Eleven points clear at the first break, Adelaide built on that in the second to lead by 31 points at half time.

Another five Adelaide goals flowed through in the third, giving the home side a 43-point lead going into the last quarter.

The last term mattered little, with both sides seeking to end without injury and the Swans belatedly compiling their best passages of play long after the result was settled.

Swans coach Paul Roos criticised his players' work rate so close to the season proper and downplayed the impact of playing man-on-man versus a zone.

"(The zone) is a very minute component, you could pick just about every single area, from the stoppages, the work from stoppages, their kick-ins versus our kick-ins, it really comes back to workrate," he said.

"If we're working hard, there's fewer kick-ins, and the turnovers as a result of not working hard [are] just lazy, so really [it’s] just the workrate."

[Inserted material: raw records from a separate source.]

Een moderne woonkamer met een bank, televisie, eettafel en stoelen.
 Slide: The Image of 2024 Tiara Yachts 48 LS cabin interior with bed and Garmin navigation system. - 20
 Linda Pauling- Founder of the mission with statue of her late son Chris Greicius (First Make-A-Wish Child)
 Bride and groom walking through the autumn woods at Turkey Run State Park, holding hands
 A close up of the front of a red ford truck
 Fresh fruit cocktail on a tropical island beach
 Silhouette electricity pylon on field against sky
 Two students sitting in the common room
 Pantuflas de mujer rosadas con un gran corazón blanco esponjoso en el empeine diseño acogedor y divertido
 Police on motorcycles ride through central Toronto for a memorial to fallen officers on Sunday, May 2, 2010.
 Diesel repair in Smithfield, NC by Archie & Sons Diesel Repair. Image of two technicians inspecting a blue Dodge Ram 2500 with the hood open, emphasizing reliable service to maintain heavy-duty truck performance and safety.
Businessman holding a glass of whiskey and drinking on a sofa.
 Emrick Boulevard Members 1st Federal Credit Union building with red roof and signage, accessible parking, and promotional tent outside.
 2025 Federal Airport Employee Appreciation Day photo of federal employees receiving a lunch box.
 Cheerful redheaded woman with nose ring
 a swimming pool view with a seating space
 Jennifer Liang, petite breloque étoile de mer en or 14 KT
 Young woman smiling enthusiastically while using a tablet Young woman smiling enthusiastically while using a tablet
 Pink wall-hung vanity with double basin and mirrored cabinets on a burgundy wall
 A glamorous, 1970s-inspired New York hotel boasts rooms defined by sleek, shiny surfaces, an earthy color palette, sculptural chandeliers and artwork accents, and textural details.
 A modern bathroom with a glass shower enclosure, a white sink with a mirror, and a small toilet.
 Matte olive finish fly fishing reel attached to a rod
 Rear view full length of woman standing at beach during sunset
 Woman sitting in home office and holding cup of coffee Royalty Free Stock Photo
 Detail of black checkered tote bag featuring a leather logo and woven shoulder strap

Adelaide coach Neil Craig said his men were, with the exception of a last-term lapse, in fine shape.

"I thought we played some outstanding football, particularly for three quarters, and we saw a lot of the ball movement we saw tonight also against Hawthorn, so it was pleasing to see that again," Craig said.

"Sydney as we know, especially with that squad, are a pretty hardened footy side and been in reasonable form, we're all at different levels.

"But in general we're pleased with our pre-season, pleased with the work we've done before we started playing, pleased with the work we've put into our less experienced players and the last two games we've been really pleased with our playing performance."

Adelaide    4.1    8.6    13.11    15.13 (103)
Sydney Swans    2.2    3.5    7.6    11.9 (75)

GOALS
Adelaide:
Hentschel 3, Tippett 3, Walker 3, Vince 2, Petrenko, Shirley, Mackay, Goodwin.
Sydney Swans:
Hall 4, O'Keefe 2, McVeigh, Richards, Veszpremi, White, Barlow.

BEST
Adelaide:
Goodwin, Vince, Johncock, Tippett, Edwards, Otten, Petrenko, Walker.
Sydney Swans:
Hall, McVeigh, Kirk, O'Keefe.

Injuries
Adelaide:
Nil.
Sydney Swans:
Nil.

Umpires:
S Ryan H Ryan C Hendrie

Official crowd:
7626 at AAMI Stadium.

The views in this story are those of the author and not necessarily those of the clubs or the AFL.